▶ _WHAT NEEDS TO BE DONE_
Below this line is a listing that includes pictures. Copy exactly, and only, the lines from the one containing "ప్రజలను ‘చీమల’ని పిలిచే జడ్జీలు వస్తారు" through the one containing "Hartford-Randa Gauze Dress // Anthracite"; the pictures do not go in the copy.

▶ _THE DATA_
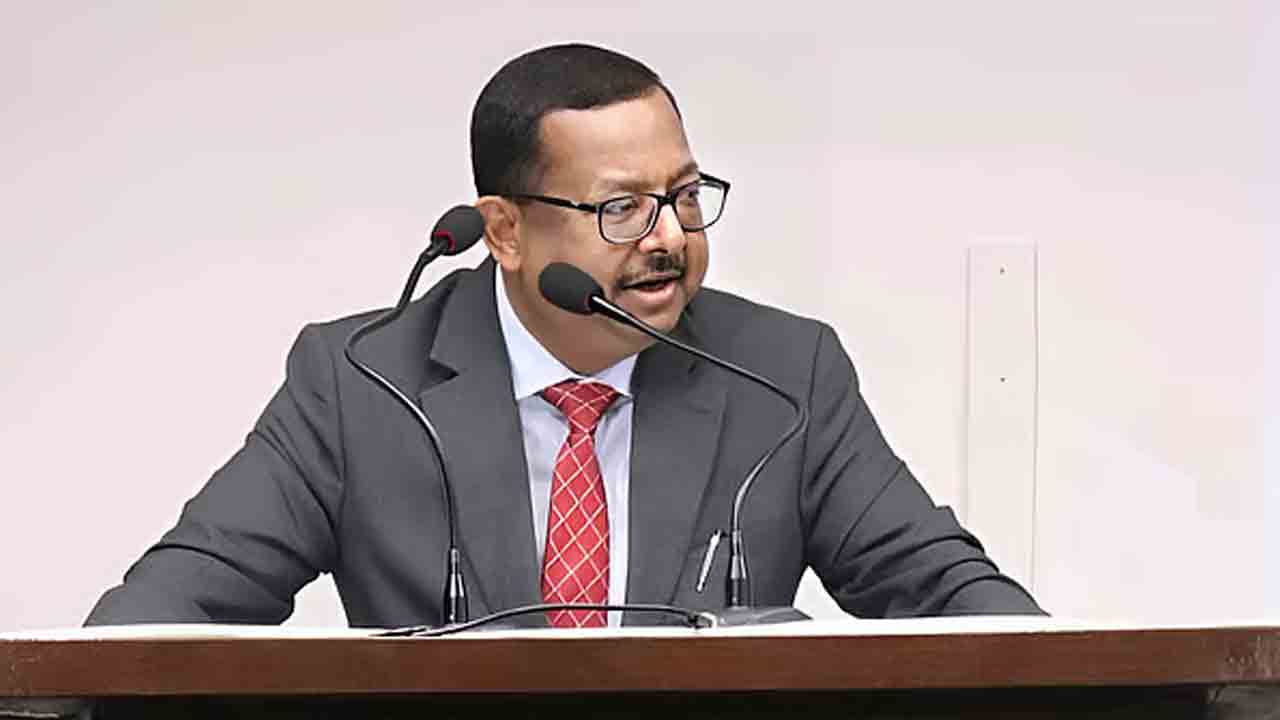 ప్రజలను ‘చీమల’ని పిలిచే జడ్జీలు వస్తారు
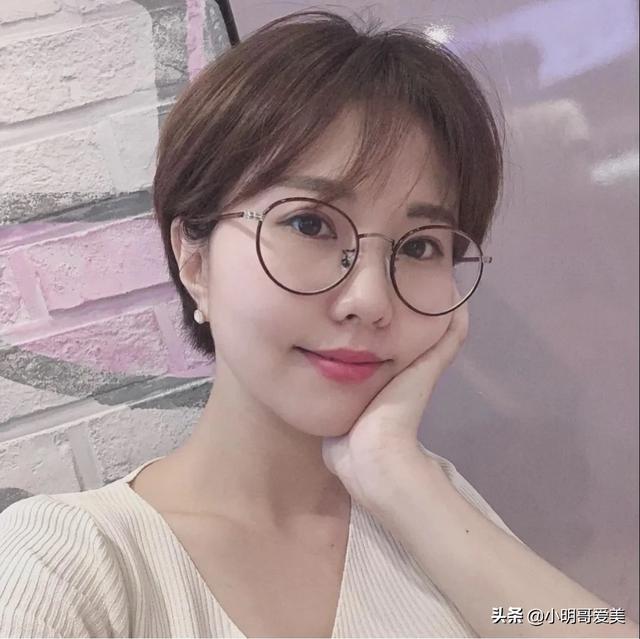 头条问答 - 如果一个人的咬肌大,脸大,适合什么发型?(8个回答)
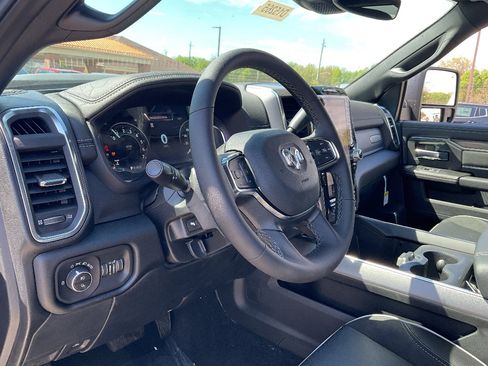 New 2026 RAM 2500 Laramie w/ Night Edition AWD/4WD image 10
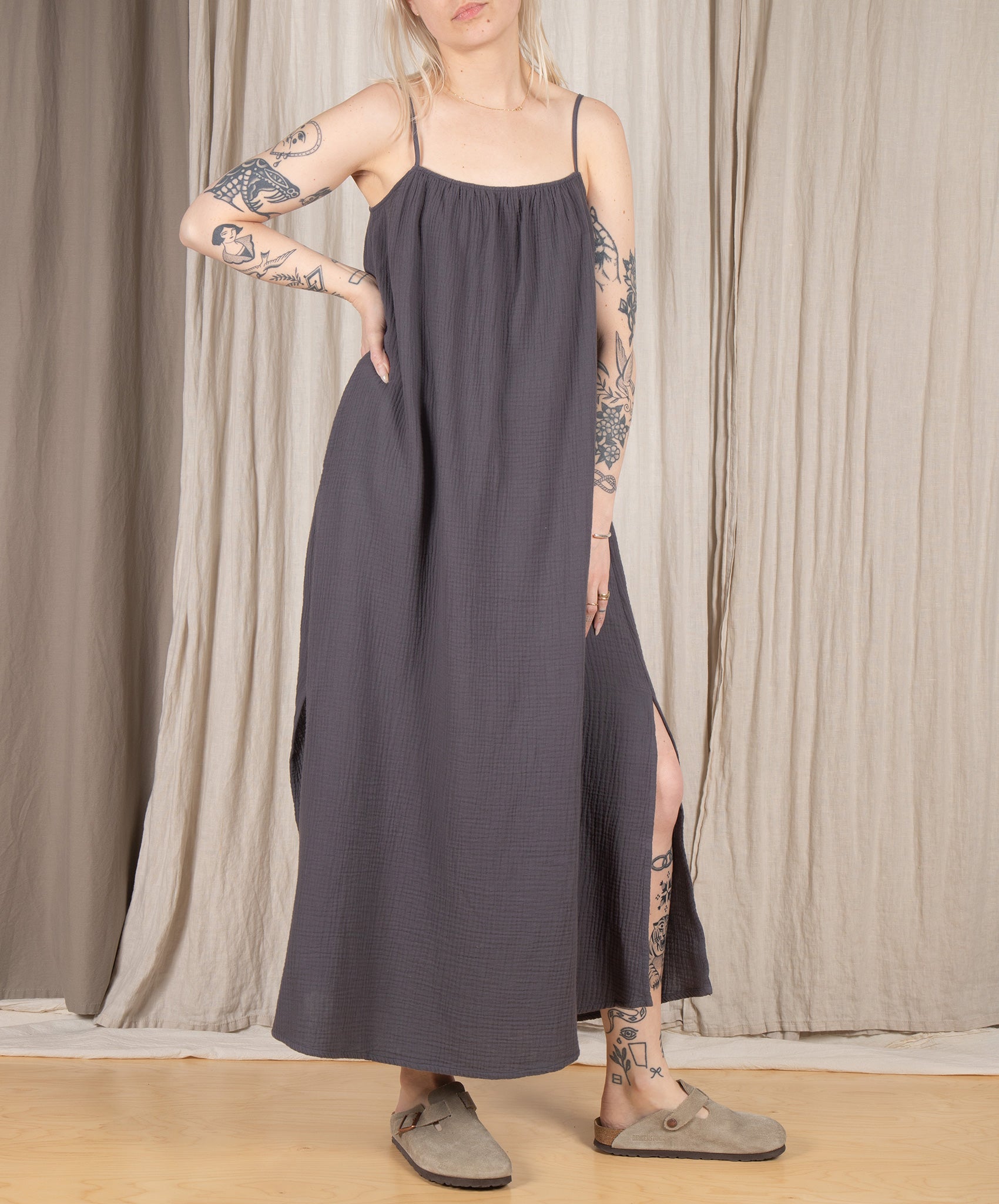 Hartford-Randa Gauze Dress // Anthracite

--

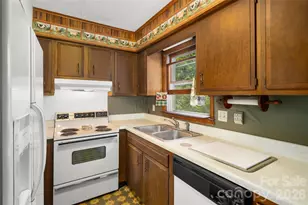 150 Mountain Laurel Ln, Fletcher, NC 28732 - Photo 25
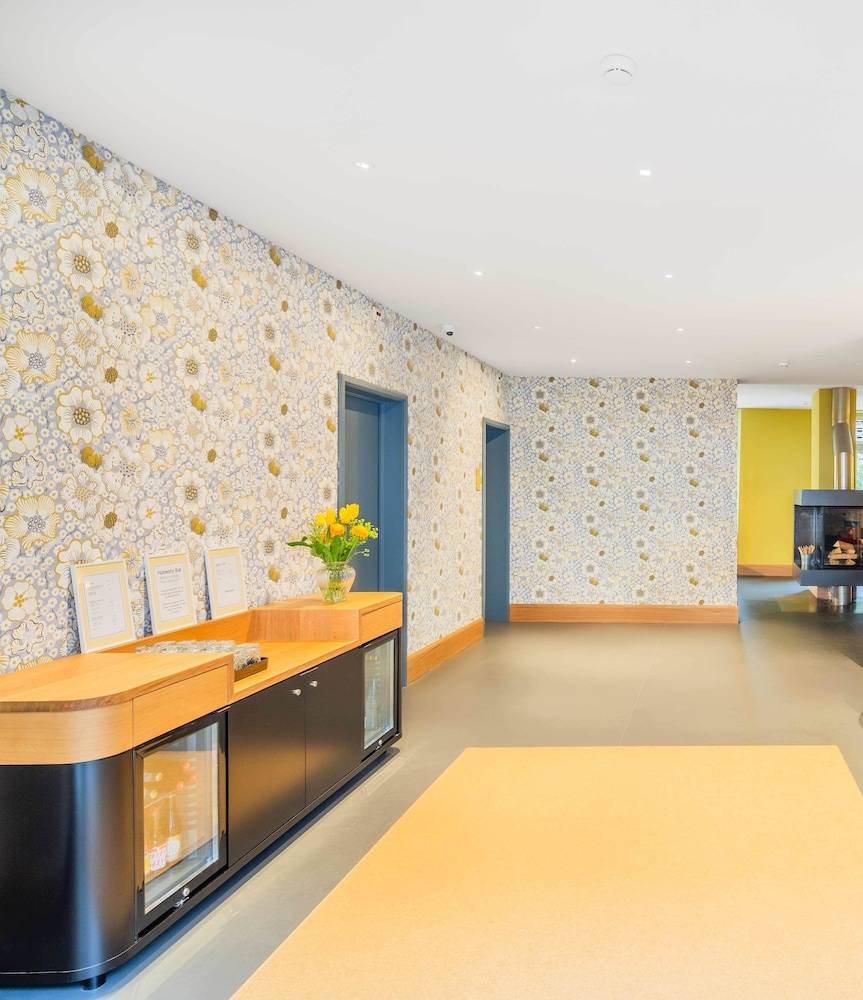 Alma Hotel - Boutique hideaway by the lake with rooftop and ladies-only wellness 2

▶ _PROBLEM SOLUTION_
 ప్రజలను ‘చీమల’ని పిలిచే జడ్జీలు వస్తారు
 头条问答 - 如果一个人的咬肌大,脸大,适合什么发型?(8个回答)
 New 2026 RAM 2500 Laramie w/ Night Edition AWD/4WD image 10
 Hartford-Randa Gauze Dress // Anthracite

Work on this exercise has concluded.